The founder of the world’s largest cryptocurrency exchange Binance is suing the publisher of the Chinese edition of Bloomberg Businessweek for unspecified damages over a “defamatory” magazine cover.
Zhao Changpeng, who is also chief executive officer of Binance, filed the case in Hong Kong’s High Court on Monday.
The Canadian alleges that Modern Media Company Limited, the Chinese publisher of Bloomberg Businessweek, had published “defamatory statements” about him in Hong Kong on or around July 6.
The statements in question were the cover of the 250th issue of the magazine, as well as Twitter and Facebook posts with the cover attached. The cover was entitled “Zhao Changpeng’s Ponzi Scheme” along with a photo of him.

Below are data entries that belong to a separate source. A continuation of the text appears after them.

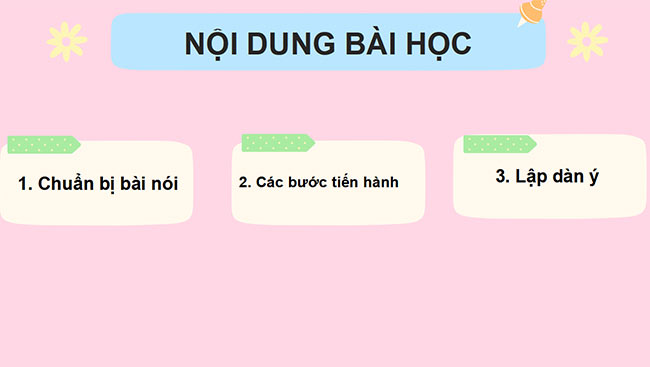 PowerPoint Ngữ văn 6 Bài 3: Trình bày cảm xúc về một bài thơ lục bát
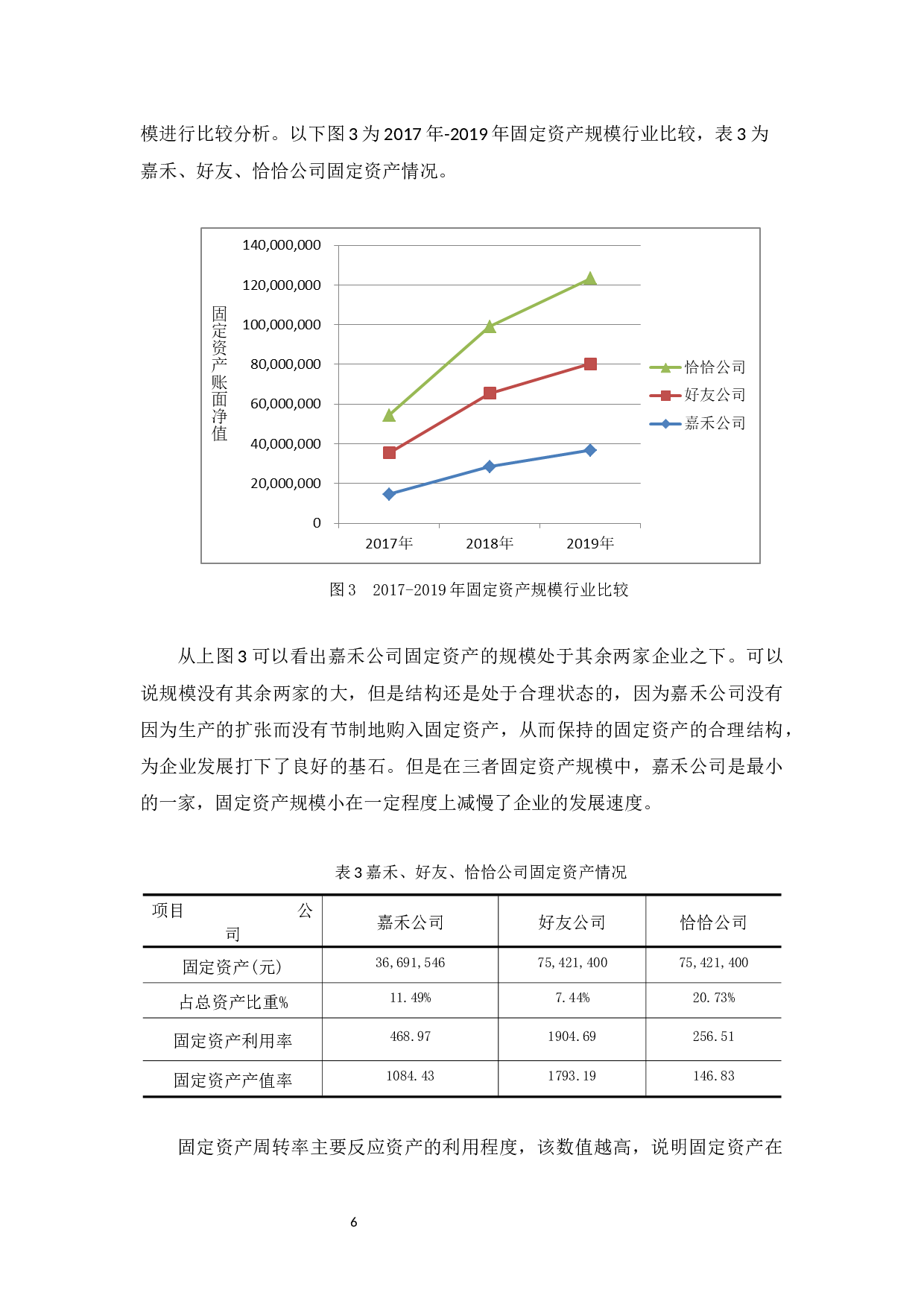 嘉禾食品有限公司固定资产管理分析-9164字.docx 第9页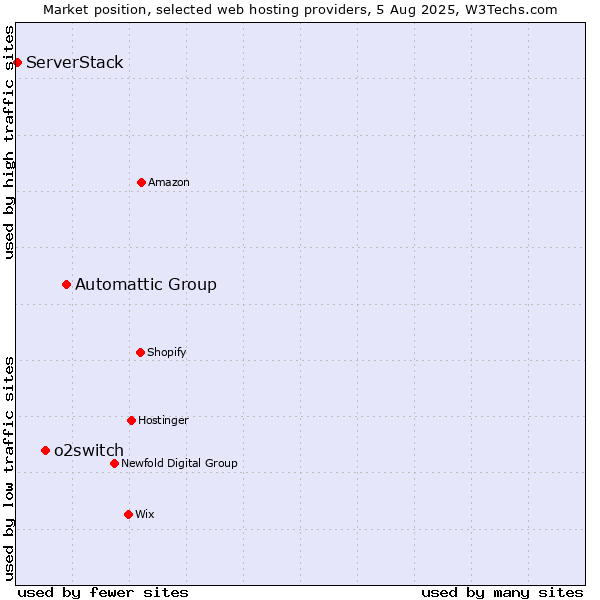 Market position of Automattic Group vs. o2switch vs. ServerStack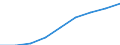 Unit of measure: Number / Operator/Trader: All operators / Process status: Registered at the end of the year / Geopolitical entity (reporting): Netherlands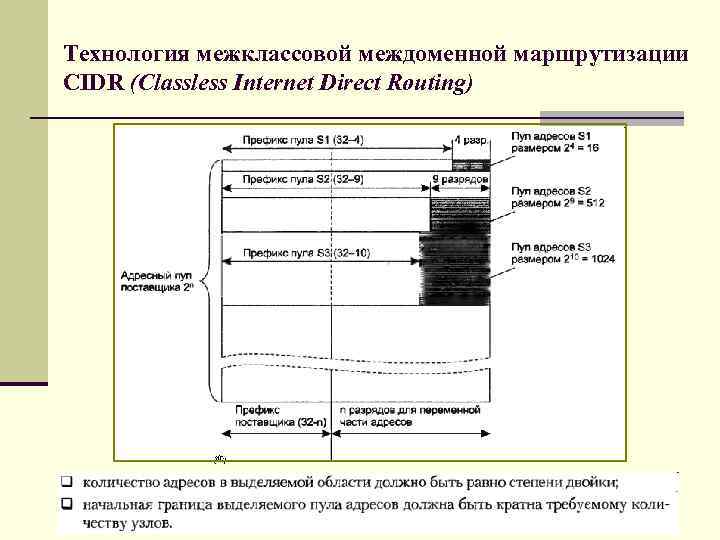 Технология межклассовой междоменной маршрутизации CIDR (Classless Internet Direct Routing) 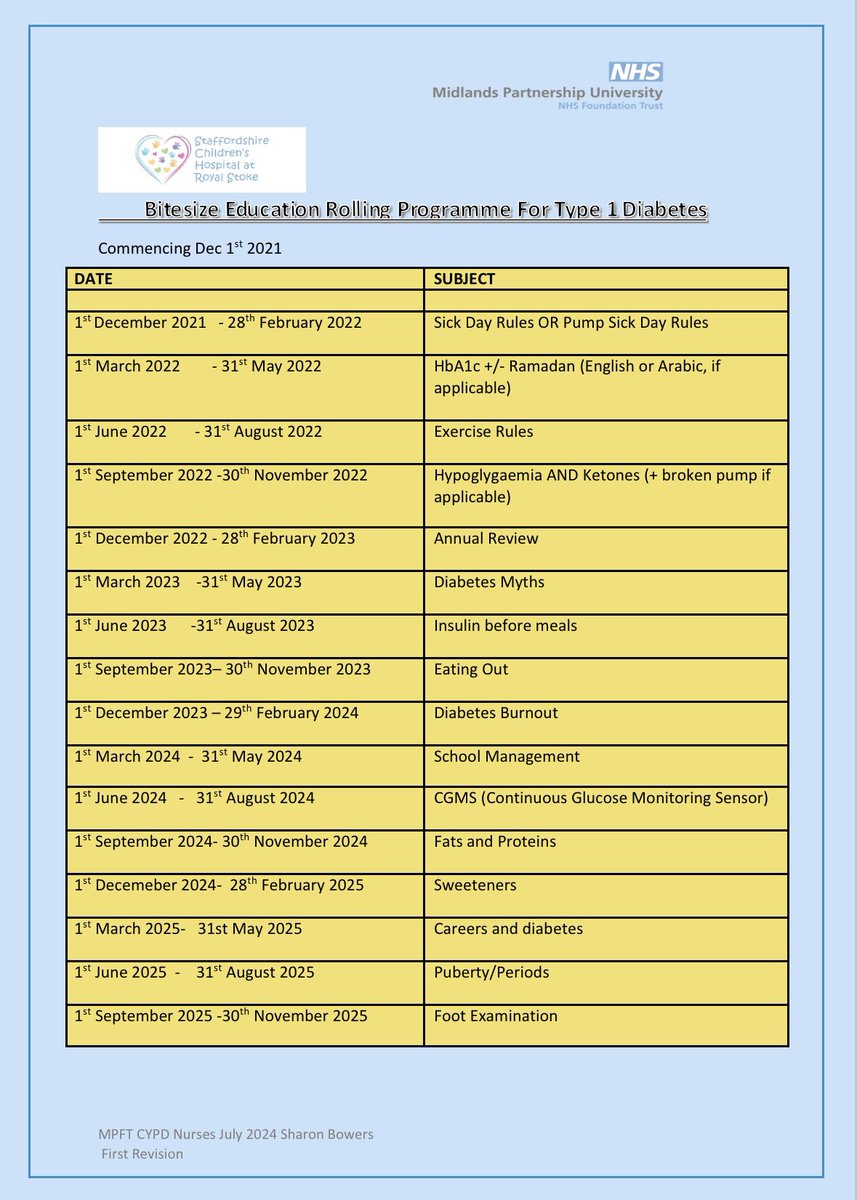 Children and Young Persons Diabetes tweet media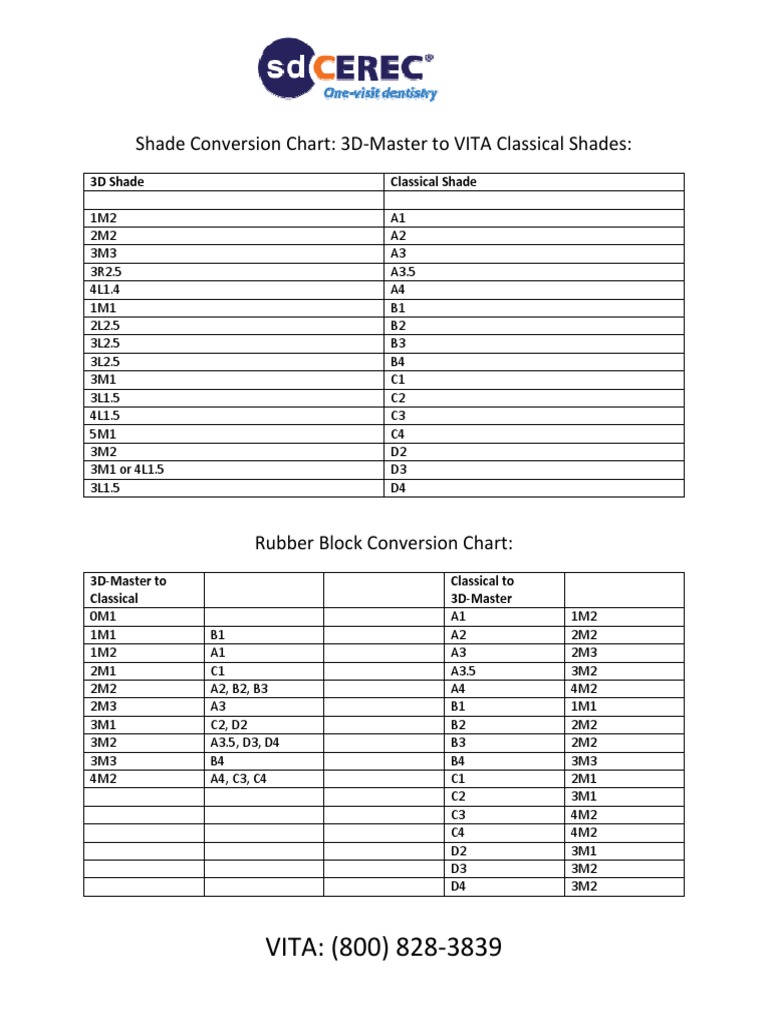 3DMaster to VITA Classical Shade Conversion Charts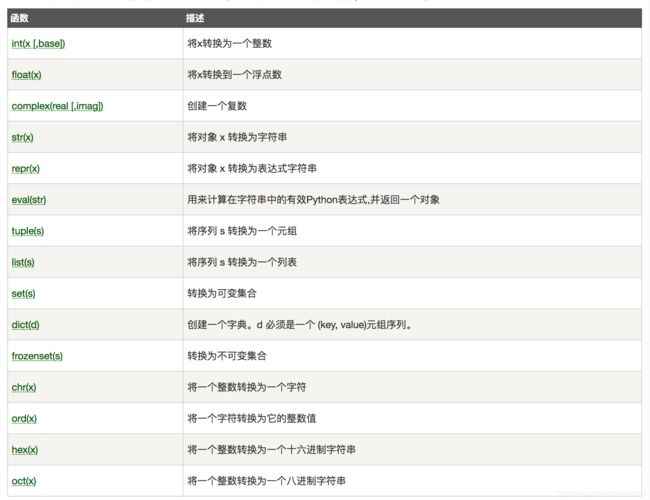 python语言精通_Python语言基础从入门到精通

A Ponzi scheme refers to an investment fraud that pays existing investors with funds collected from new investors.
The magazine title was later changed to the “Mysterious Zhao Changpeng.”
The cover story was the Chinese translation of a Bloomberg feature published on June 23 in English, headlined “Can Crypto’s Richest Man Stand the Cold?”
Zhao said these statements were “calculated” to hold him up to “hatred, contempt and ridicule” and “tended to lower [him] in the estimation of right-thinking members of society in general,” in particular among crypto community members and his commercial counterparts.
Zhao said his reputation had been “gravely injured” and he had suffered “considerable distress and embarrassment” as a result of the “defamatory statements.”
The publisher, he said, “knew or ought to have known” that the words in question were defamatory. He added that it either had “no genuine belief in the truth of what it published,” or “must have suspected” the statements were untrue.
The cryptocurrency exchange founder asked the court to order the publisher to apologise to him and remove the statements from its websites and social media, as well as to recall all copies of the physical publications.
He asked for “relevant” damages and costs.
Zhao founded Binance in 2017 and had a total net worth of over US$95.9 billion (HK$753 billion) at the beginning of this year, according to the Bloomberg Billionaires Index. However, it said his net worth had shrunk by more than US$70 billion (HK$549 billion) as of Tuesday.